La montée des inégalités met à mal la philosophie même du modèle nordique
Mais plutôt que de parler de « modèle », il vaudrait mieux parler de famille. Comme dans toutes familles, des traits communs sont partagés, mais il existe aussi des diversités et des variations. Ainsi la Finlande (membre de la zone euro) et le Danemark (membre de facto mais non de jure) affichent des performances négatives en termes de croissance cumulée entre 2008 et 2014 (environ – 4 %), alors que la Norvège (+ 4 %) et la Suède (+ 6 %) s’en sortent nettement mieux. Mais ce qui est frappant à la lecture du rapport, c’est la capacité d’apprentissage collectif propre à ce groupe de pays.
Montée de la droite
Deux éléments forts ressortent de cette étude. La première est la fragmentation du paysage politique et la fin de la domination des partis sociaux-démocrates, qui étaient le ciment du pacte social scandinave. Les partis d’extrême droite ou de droite populiste réalisent maintenant entre 12 % et 20 % aux dernières élections et s’installent durablement dans le paysage politique. Cette fragmentation de l’espace politique et la polarisation à droite n’ont, en revanche, pas eu de conséquences radicales sur l’Etat-providence (la droite et les partis populistes le soutenant), même si une érosion de la générosité est manifeste ainsi que la tendance à la décentralisation.

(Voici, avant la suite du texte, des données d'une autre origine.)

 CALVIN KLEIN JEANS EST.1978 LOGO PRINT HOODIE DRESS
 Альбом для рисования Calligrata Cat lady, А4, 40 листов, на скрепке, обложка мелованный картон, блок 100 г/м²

La polarisation à droite n’a pas eu de conséquences radicales sur l’Etat-providence
Le constat semble plus inquiétant pour les syndicats. Traditionnellement, les pays nordiques se caractérisaient par un haut taux de syndicalisation (80 %). Cette image n’est plus exacte même si, comparées aux autres pays européens, ces moyennes restent élevées (de l’ordre de 65 %). Toutefois, la tendance est claire et si elle se poursuit, seule la moitié de la main-d’œuvre sera couverte en 2030. Pire : si les courbes épousent l’évolution norvégienne, seuls 45 % des salariés le seraient à cette échéance et les syndicats accuseraient 2,1 millions de membres en moins. Revenir aux taux des jours glorieux nécessiterait pour ces organisations d’enregistrer plus de 2 millions de membres supplémentaires en 2030.
Syndicats fragilisés
Or, d’une part, les plus jeunes se détournent des syndicats. Il n’est plus naturel (et bien vu) d’être membre d’un syndicat. C’est pourquoi les discours des principaux syndicats nordiques sont de plus en plus centrés sur la nécessité de recruter de nouveaux membres. D’autre part, l’Europe du Nord est devenue plus attractive en matière d’immigration (surtout la Suède et la Norvège) et de nombreux travailleurs peu qualifiés se retrouvent aux marges du marché du travail ou dans des secteurs de plus faible syndicalisation, créant une dualisation inconnue à ce jour.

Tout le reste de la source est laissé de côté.